(Scraped caption text data)
↓↓↓
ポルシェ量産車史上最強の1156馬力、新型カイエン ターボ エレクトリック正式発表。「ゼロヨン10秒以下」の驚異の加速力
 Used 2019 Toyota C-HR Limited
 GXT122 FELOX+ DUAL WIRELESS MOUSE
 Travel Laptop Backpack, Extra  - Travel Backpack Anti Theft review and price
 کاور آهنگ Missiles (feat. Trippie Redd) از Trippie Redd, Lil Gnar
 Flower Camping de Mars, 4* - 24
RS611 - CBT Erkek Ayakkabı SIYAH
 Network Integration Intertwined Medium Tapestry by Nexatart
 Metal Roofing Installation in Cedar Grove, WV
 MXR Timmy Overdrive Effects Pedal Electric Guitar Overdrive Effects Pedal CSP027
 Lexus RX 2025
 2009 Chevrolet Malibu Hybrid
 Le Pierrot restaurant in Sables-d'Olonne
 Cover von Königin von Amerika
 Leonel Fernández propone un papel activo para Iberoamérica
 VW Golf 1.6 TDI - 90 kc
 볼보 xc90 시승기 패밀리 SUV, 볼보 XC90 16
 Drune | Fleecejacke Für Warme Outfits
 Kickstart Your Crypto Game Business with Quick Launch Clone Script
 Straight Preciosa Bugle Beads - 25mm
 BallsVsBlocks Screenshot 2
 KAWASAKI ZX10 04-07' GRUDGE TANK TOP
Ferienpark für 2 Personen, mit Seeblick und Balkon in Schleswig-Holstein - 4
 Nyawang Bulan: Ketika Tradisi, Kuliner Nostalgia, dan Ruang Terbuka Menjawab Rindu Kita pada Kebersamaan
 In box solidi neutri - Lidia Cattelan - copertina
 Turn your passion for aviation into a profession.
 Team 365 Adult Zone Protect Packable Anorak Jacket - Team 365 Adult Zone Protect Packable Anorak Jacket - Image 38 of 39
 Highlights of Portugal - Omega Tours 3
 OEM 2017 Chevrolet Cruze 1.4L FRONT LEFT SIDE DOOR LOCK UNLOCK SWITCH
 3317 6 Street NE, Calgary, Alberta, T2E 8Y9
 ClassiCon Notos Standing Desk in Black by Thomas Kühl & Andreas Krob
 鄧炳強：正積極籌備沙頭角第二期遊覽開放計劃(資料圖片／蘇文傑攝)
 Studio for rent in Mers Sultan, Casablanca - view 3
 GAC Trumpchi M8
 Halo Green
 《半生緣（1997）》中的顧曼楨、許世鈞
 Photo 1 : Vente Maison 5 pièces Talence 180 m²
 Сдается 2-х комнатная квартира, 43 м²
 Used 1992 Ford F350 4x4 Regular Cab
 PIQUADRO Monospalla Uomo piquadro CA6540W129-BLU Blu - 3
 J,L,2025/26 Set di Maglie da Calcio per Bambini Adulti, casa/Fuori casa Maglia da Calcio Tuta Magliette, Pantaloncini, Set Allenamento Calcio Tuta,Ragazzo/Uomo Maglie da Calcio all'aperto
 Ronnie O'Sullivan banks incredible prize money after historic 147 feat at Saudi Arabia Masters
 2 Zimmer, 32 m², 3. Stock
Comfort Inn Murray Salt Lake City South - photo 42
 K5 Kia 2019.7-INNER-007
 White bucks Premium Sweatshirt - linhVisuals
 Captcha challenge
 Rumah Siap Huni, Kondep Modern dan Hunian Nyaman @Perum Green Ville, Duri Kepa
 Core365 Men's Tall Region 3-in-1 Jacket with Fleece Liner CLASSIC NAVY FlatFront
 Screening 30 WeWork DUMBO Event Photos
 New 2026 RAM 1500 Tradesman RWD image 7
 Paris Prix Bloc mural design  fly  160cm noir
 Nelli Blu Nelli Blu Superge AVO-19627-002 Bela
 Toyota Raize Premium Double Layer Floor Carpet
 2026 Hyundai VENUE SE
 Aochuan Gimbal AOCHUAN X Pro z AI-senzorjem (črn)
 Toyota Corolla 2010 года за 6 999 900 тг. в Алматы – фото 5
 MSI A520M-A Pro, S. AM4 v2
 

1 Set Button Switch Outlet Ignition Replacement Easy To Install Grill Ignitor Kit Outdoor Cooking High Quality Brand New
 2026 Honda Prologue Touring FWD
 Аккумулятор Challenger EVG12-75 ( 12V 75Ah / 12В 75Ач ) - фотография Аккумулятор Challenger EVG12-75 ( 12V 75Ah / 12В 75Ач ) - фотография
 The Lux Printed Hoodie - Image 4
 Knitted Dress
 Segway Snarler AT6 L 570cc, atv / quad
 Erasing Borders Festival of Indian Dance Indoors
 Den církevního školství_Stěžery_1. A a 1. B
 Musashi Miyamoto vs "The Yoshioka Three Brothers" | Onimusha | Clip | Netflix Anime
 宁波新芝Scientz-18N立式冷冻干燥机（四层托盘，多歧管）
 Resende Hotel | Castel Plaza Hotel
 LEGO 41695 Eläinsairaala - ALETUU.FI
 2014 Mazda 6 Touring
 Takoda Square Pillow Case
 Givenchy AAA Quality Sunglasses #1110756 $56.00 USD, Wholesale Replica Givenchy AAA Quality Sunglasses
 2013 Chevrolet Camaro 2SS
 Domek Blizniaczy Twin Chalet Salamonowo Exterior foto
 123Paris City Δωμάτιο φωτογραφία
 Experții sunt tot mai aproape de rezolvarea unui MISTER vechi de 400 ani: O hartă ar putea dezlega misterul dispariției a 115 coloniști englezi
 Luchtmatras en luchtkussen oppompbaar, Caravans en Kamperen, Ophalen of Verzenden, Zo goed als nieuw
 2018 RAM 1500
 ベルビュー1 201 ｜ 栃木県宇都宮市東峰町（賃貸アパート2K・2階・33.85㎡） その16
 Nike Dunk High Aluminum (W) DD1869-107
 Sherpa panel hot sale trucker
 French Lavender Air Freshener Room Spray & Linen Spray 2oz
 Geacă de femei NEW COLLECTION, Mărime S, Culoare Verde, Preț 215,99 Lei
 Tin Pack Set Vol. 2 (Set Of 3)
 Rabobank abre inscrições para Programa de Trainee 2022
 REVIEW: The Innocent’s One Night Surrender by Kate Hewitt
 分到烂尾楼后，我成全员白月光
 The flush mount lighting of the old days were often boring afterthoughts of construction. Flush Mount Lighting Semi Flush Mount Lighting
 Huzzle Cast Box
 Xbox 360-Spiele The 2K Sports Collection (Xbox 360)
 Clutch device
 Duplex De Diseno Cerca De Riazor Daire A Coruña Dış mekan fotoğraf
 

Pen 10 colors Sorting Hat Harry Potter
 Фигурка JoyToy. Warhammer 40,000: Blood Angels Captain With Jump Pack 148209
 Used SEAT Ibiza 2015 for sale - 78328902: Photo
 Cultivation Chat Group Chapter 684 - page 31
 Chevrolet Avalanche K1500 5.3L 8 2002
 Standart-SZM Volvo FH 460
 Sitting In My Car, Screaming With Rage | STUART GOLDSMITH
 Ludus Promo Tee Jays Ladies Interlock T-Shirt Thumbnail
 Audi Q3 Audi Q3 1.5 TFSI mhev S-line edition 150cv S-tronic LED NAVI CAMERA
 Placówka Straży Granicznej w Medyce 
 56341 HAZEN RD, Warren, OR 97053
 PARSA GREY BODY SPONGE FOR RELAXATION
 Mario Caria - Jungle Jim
↑↑↑
» **YOUR OBJECTIVE**:
Give the data again in full, exactly.

» **SOLUTION FOR THIS TASK**:
ポルシェ量産車史上最強の1156馬力、新型カイエン ターボ エレクトリック正式発表。「ゼロヨン10秒以下」の驚異の加速力
 Used 2019 Toyota C-HR Limited
 GXT122 FELOX+ DUAL WIRELESS MOUSE
 Travel Laptop Backpack, Extra  - Travel Backpack Anti Theft review and price
 کاور آهنگ Missiles (feat. Trippie Redd) از Trippie Redd, Lil Gnar
 Flower Camping de Mars, 4* - 24
RS611 - CBT Erkek Ayakkabı SIYAH
 Network Integration Intertwined Medium Tapestry by Nexatart
 Metal Roofing Installation in Cedar Grove, WV
 MXR Timmy Overdrive Effects Pedal Electric Guitar Overdrive Effects Pedal CSP027
 Lexus RX 2025
 2009 Chevrolet Malibu Hybrid
 Le Pierrot restaurant in Sables-d'Olonne
 Cover von Königin von Amerika
 Leonel Fernández propone un papel activo para Iberoamérica
 VW Golf 1.6 TDI - 90 kc
 볼보 xc90 시승기 패밀리 SUV, 볼보 XC90 16
 Drune | Fleecejacke Für Warme Outfits
 Kickstart Your Crypto Game Business with Quick Launch Clone Script
 Straight Preciosa Bugle Beads - 25mm
 BallsVsBlocks Screenshot 2
 KAWASAKI ZX10 04-07' GRUDGE TANK TOP
Ferienpark für 2 Personen, mit Seeblick und Balkon in Schleswig-Holstein - 4
 Nyawang Bulan: Ketika Tradisi, Kuliner Nostalgia, dan Ruang Terbuka Menjawab Rindu Kita pada Kebersamaan
 In box solidi neutri - Lidia Cattelan - copertina
 Turn your passion for aviation into a profession.
 Team 365 Adult Zone Protect Packable Anorak Jacket - Team 365 Adult Zone Protect Packable Anorak Jacket - Image 38 of 39
 Highlights of Portugal - Omega Tours 3
 OEM 2017 Chevrolet Cruze 1.4L FRONT LEFT SIDE DOOR LOCK UNLOCK SWITCH
 3317 6 Street NE, Calgary, Alberta, T2E 8Y9
 ClassiCon Notos Standing Desk in Black by Thomas Kühl & Andreas Krob
 鄧炳強：正積極籌備沙頭角第二期遊覽開放計劃(資料圖片／蘇文傑攝)
 Studio for rent in Mers Sultan, Casablanca - view 3
 GAC Trumpchi M8
 Halo Green
 《半生緣（1997）》中的顧曼楨、許世鈞
 Photo 1 : Vente Maison 5 pièces Talence 180 m²
 Сдается 2-х комнатная квартира, 43 м²
 Used 1992 Ford F350 4x4 Regular Cab
 PIQUADRO Monospalla Uomo piquadro CA6540W129-BLU Blu - 3
 J,L,2025/26 Set di Maglie da Calcio per Bambini Adulti, casa/Fuori casa Maglia da Calcio Tuta Magliette, Pantaloncini, Set Allenamento Calcio Tuta,Ragazzo/Uomo Maglie da Calcio all'aperto
 Ronnie O'Sullivan banks incredible prize money after historic 147 feat at Saudi Arabia Masters
 2 Zimmer, 32 m², 3. Stock
Comfort Inn Murray Salt Lake City South - photo 42
 K5 Kia 2019.7-INNER-007
 White bucks Premium Sweatshirt - linhVisuals
 Captcha challenge
 Rumah Siap Huni, Kondep Modern dan Hunian Nyaman @Perum Green Ville, Duri Kepa
 Core365 Men's Tall Region 3-in-1 Jacket with Fleece Liner CLASSIC NAVY FlatFront
 Screening 30 WeWork DUMBO Event Photos
 New 2026 RAM 1500 Tradesman RWD image 7
 Paris Prix Bloc mural design  fly  160cm noir
 Nelli Blu Nelli Blu Superge AVO-19627-002 Bela
 Toyota Raize Premium Double Layer Floor Carpet
 2026 Hyundai VENUE SE
 Aochuan Gimbal AOCHUAN X Pro z AI-senzorjem (črn)
 Toyota Corolla 2010 года за 6 999 900 тг. в Алматы – фото 5
 MSI A520M-A Pro, S. AM4 v2
 

1 Set Button Switch Outlet Ignition Replacement Easy To Install Grill Ignitor Kit Outdoor Cooking High Quality Brand New
 2026 Honda Prologue Touring FWD
 Аккумулятор Challenger EVG12-75 ( 12V 75Ah / 12В 75Ач ) - фотография Аккумулятор Challenger EVG12-75 ( 12V 75Ah / 12В 75Ач ) - фотография
 The Lux Printed Hoodie - Image 4
 Knitted Dress
 Segway Snarler AT6 L 570cc, atv / quad
 Erasing Borders Festival of Indian Dance Indoors
 Den církevního školství_Stěžery_1. A a 1. B
 Musashi Miyamoto vs "The Yoshioka Three Brothers" | Onimusha | Clip | Netflix Anime
 宁波新芝Scientz-18N立式冷冻干燥机（四层托盘，多歧管）
 Resende Hotel | Castel Plaza Hotel
 LEGO 41695 Eläinsairaala - ALETUU.FI
 2014 Mazda 6 Touring
 Takoda Square Pillow Case
 Givenchy AAA Quality Sunglasses #1110756 $56.00 USD, Wholesale Replica Givenchy AAA Quality Sunglasses
 2013 Chevrolet Camaro 2SS
 Domek Blizniaczy Twin Chalet Salamonowo Exterior foto
 123Paris City Δωμάτιο φωτογραφία
 Experții sunt tot mai aproape de rezolvarea unui MISTER vechi de 400 ani: O hartă ar putea dezlega misterul dispariției a 115 coloniști englezi
 Luchtmatras en luchtkussen oppompbaar, Caravans en Kamperen, Ophalen of Verzenden, Zo goed als nieuw
 2018 RAM 1500
 ベルビュー1 201 ｜ 栃木県宇都宮市東峰町（賃貸アパート2K・2階・33.85㎡） その16
 Nike Dunk High Aluminum (W) DD1869-107
 Sherpa panel hot sale trucker
 French Lavender Air Freshener Room Spray & Linen Spray 2oz
 Geacă de femei NEW COLLECTION, Mărime S, Culoare Verde, Preț 215,99 Lei
 Tin Pack Set Vol. 2 (Set Of 3)
 Rabobank abre inscrições para Programa de Trainee 2022
 REVIEW: The Innocent’s One Night Surrender by Kate Hewitt
 分到烂尾楼后，我成全员白月光
 The flush mount lighting of the old days were often boring afterthoughts of construction. Flush Mount Lighting Semi Flush Mount Lighting
 Huzzle Cast Box
 Xbox 360-Spiele The 2K Sports Collection (Xbox 360)
 Clutch device
 Duplex De Diseno Cerca De Riazor Daire A Coruña Dış mekan fotoğraf
 

Pen 10 colors Sorting Hat Harry Potter
 Фигурка JoyToy. Warhammer 40,000: Blood Angels Captain With Jump Pack 148209
 Used SEAT Ibiza 2015 for sale - 78328902: Photo
 Cultivation Chat Group Chapter 684 - page 31
 Chevrolet Avalanche K1500 5.3L 8 2002
 Standart-SZM Volvo FH 460
 Sitting In My Car, Screaming With Rage | STUART GOLDSMITH
 Ludus Promo Tee Jays Ladies Interlock T-Shirt Thumbnail
 Audi Q3 Audi Q3 1.5 TFSI mhev S-line edition 150cv S-tronic LED NAVI CAMERA
 Placówka Straży Granicznej w Medyce 
 56341 HAZEN RD, Warren, OR 97053
 PARSA GREY BODY SPONGE FOR RELAXATION
 Mario Caria - Jungle Jim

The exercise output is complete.